(By Luo Yanjie) In a previous infringement case against cinematographic we handled, the plaintiff submitted several articles of evidence to the court, which showed that the work belonged to different copyright holders: according to a certificate issued by the Hong Kong Copyright Center, it was Copyrighter A’s property while the subtitle authorship rights belonged to Copyrighter B. And yet, as demonstrated by a license agreement, C shall be the exclusive holder of the copyright. That made the plaintiff argue for his ownership of the copyright. In fact, due to the complexity in determining copyright ownership, contradictory disputes like the one described above are quite common in actual practice. In today’s post we will share our understanding of the issue.
I. Laws on Copyright for Cinematographic Works
Regarding copyright ownership of cinematographic works, Article 15 of China’s Copyright Law provides specific regulation:
“The copyright in a cinematographic work and any work created by an analogous method of film production shall be enjoyed by the producer of the work, but the scriptwriter, director, cameraman, lyricist, composer, and other authors thereof shall enjoy the right of authorship in the work, and have the right to receive remuneration pursuant to the contract concluded with the producer.”

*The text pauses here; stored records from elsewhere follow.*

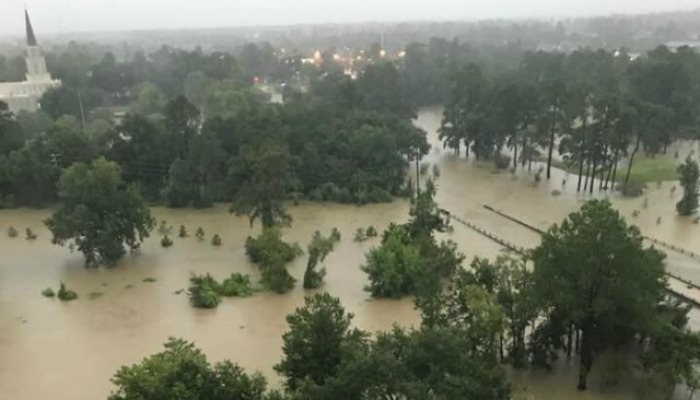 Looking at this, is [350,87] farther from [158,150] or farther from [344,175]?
[158,150]

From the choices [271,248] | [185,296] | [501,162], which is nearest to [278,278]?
[271,248]

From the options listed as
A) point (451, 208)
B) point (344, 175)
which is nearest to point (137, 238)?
point (344, 175)

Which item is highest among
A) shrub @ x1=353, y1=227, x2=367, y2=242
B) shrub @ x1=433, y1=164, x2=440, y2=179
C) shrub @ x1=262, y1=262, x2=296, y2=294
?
shrub @ x1=262, y1=262, x2=296, y2=294

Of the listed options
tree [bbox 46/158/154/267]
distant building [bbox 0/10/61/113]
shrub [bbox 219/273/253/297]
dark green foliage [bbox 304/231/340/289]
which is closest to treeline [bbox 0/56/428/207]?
tree [bbox 46/158/154/267]

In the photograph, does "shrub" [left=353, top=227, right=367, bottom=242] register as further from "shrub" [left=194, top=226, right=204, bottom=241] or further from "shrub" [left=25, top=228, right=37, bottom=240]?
"shrub" [left=25, top=228, right=37, bottom=240]

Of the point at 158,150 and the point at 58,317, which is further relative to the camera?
the point at 158,150

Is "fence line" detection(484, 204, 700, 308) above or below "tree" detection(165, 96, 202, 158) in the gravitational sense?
below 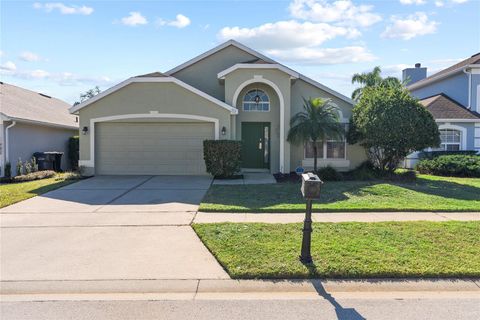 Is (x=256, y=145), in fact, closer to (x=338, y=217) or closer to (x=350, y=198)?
(x=350, y=198)

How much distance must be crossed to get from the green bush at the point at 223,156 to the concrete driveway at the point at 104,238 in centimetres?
275

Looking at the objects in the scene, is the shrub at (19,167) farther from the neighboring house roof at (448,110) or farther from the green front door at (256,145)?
the neighboring house roof at (448,110)

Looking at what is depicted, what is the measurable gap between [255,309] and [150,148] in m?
12.4

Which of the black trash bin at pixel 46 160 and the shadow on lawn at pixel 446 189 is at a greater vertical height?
the black trash bin at pixel 46 160

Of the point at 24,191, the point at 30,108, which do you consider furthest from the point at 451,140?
the point at 30,108

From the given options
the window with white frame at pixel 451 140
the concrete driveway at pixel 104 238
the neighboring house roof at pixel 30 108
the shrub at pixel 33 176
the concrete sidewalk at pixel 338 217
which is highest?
the neighboring house roof at pixel 30 108

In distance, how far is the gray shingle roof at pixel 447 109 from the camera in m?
20.0

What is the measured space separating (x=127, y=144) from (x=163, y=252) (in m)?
10.6

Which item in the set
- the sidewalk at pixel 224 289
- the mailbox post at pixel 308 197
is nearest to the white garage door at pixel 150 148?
the mailbox post at pixel 308 197

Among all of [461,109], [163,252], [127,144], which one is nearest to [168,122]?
[127,144]

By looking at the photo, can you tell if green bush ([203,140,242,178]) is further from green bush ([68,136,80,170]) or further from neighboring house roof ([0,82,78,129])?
green bush ([68,136,80,170])

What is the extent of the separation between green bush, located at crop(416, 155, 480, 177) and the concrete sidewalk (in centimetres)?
888

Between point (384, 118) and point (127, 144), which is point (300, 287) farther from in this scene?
point (127, 144)

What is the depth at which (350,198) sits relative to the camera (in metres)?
10.3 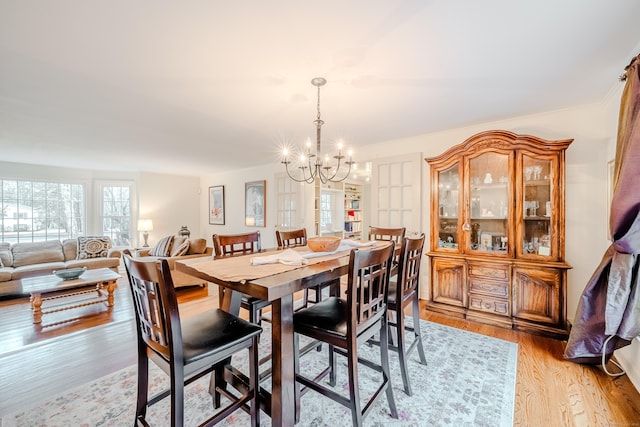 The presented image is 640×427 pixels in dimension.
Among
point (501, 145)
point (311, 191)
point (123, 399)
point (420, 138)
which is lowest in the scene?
point (123, 399)

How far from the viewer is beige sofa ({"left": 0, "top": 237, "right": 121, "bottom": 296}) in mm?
3916

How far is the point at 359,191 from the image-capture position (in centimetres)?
764

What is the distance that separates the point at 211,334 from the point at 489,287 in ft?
9.37

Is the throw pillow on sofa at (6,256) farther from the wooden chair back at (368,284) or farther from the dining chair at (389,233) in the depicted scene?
the wooden chair back at (368,284)

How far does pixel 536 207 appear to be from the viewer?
9.41 feet

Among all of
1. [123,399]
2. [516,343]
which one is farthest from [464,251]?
[123,399]

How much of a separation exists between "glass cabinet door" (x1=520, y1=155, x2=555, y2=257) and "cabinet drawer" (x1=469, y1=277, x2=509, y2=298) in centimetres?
41

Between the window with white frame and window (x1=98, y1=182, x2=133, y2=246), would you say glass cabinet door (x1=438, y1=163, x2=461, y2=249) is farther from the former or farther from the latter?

Moreover, for ownership of the copyright, it is provided in the Copyright Law that:
“The citizen, legal entity, or other organization whose name is mentioned in connection with a work shall, in the absence of proof to the contrary, be deemed to be the author of the work.”
II. Difficulties in the determination of the copyright holder of cinematographic works
It could be concluded from the above regulations that the copyright holder of the cinematographic work shall be the “producer,” who shall be decided by the name mentioned in the copyrighted work. But, such a seemingly clear way of making this determination in fact appears to be rather vague for the complicated procedure of actual filmmaking. Indeed, this has made the actual determination of ownership of a cinematographic work’s copyright quite difficult. The most common disputes or misunderstandings are typically the following:
1. Is the legal producer not the “movie producer” indicated in the film?
In cinematographic work, we can always see the “movie producer” in the cast, but it has to be clarified that such a movie producer is not the “producer” in the framework of the Copyright Law, for it is stipulated in the Management Regulations of Films:
“The film production unit shall own the copyright of the film filmed by it.”
Therefore, the “producer” in the Copyright Law shall be the filmmaking unit, much like the Shanghai Film Production Company and Changchun Film Production Company of the past and the currently renowned Hua Yi Brothers Film Production Company.
2. Is the producer necessarily the copyright holder?
Since copyright is a kind of private right, the “producer,” namely the original copyright owner of the cinematographic work, may transfer his/her right to any other third party or confirm the copyright of the work to be another’s proprietary right at the beginning of the shooting of the film. In other words, the production manager or production unit mentioned in the film may have no legal copyright over the work whatsoever.
3. Different authorship in the same work
For the authorship of the cinematographic work, the authorship of the same work may indicate different authors in different situations. For example, at the beginning of the film, we usually see the authorship of “XX Film Company,” but the production unit owning the copyright is “Company AA” as shown in the final credits at the end of the work.
4. The release license could not be adopted as the direct evidence to the right ownership.
In past judicial practice, some local courts in China have held the holder of a public performance license or television drama publication license to be the rightful copyright holder.. In fact, the above licenses only show the production units have the met the qualifications for film making, that the film’s contents comply with the laws or regulations, and that the film may legally be released or broadcast to the public. But, it cannot be regarded as legal evidence of copyright ownership. For this reason, a public performance license cannot be considered direct evidence of copyright ownership, but only as collateral evidence of property ownership.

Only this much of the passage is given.